*** PROVIDED ENTRIES ***

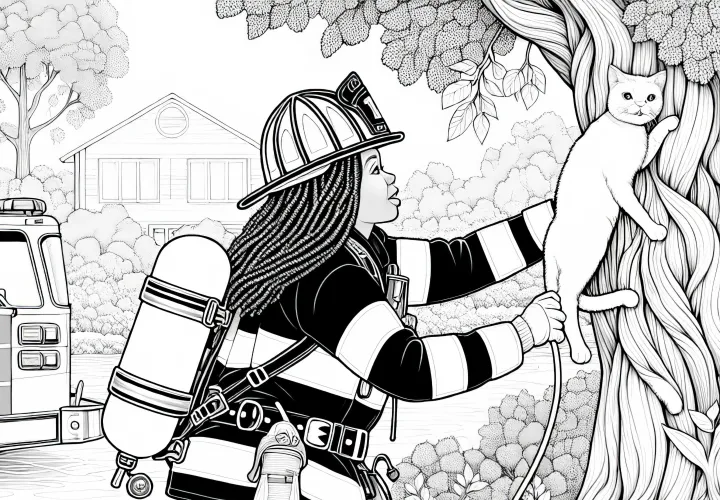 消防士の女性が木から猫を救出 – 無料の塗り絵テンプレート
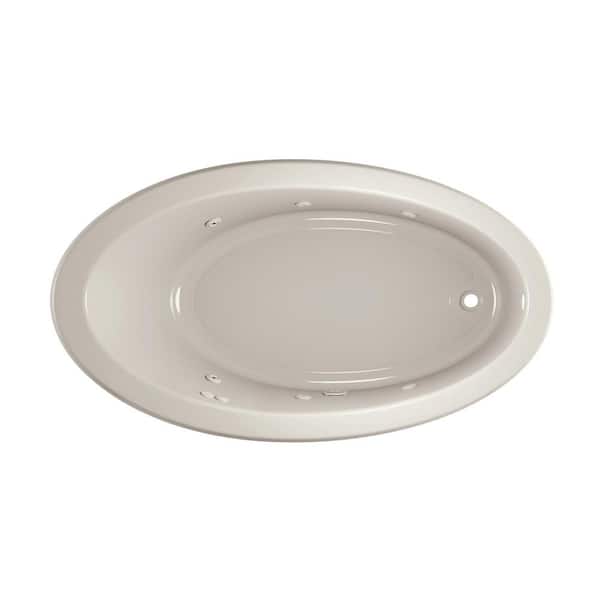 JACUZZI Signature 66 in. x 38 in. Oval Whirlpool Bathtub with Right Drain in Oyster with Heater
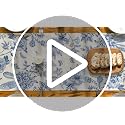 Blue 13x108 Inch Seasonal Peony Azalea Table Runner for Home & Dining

*** End of PROVIDED ENTRIES ***
*** PROVIDED ENTRIES ***

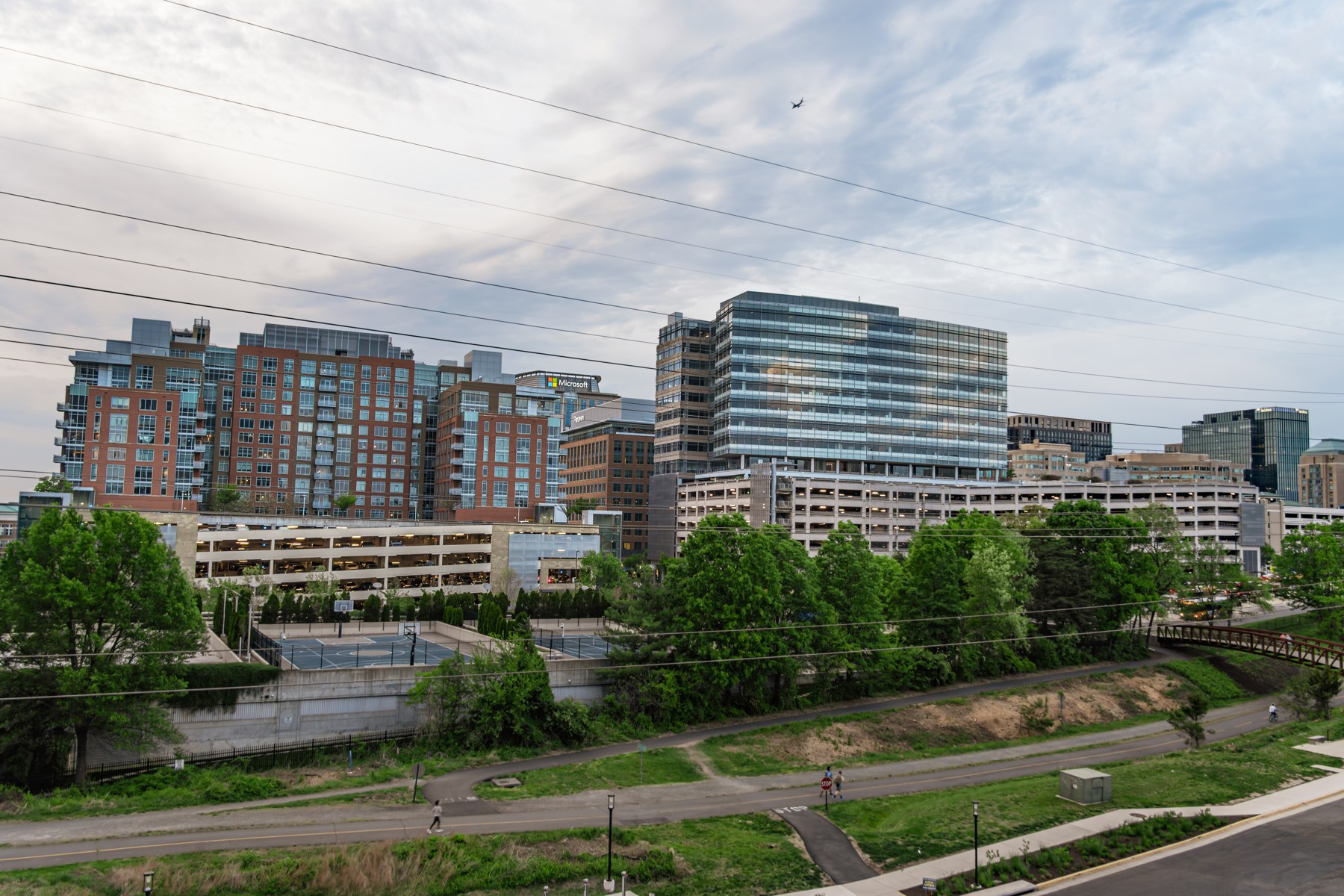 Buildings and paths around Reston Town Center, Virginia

*** End of PROVIDED ENTRIES ***

Where a picture appears in the records above, omit it, and transcribe exactly the stretch of lines from the one with "消防士の女性が木から猫を救出 – 無料の塗り絵テンプレート" through the one with "Blue 13x108 Inch".

TASK SOLUTION:
 消防士の女性が木から猫を救出 – 無料の塗り絵テンプレート
 JACUZZI Signature 66 in. x 38 in. Oval Whirlpool Bathtub with Right Drain in Oyster with Heater
 Blue 13x108 Inch Seasonal Peony Azalea Table Runner for Home & Dining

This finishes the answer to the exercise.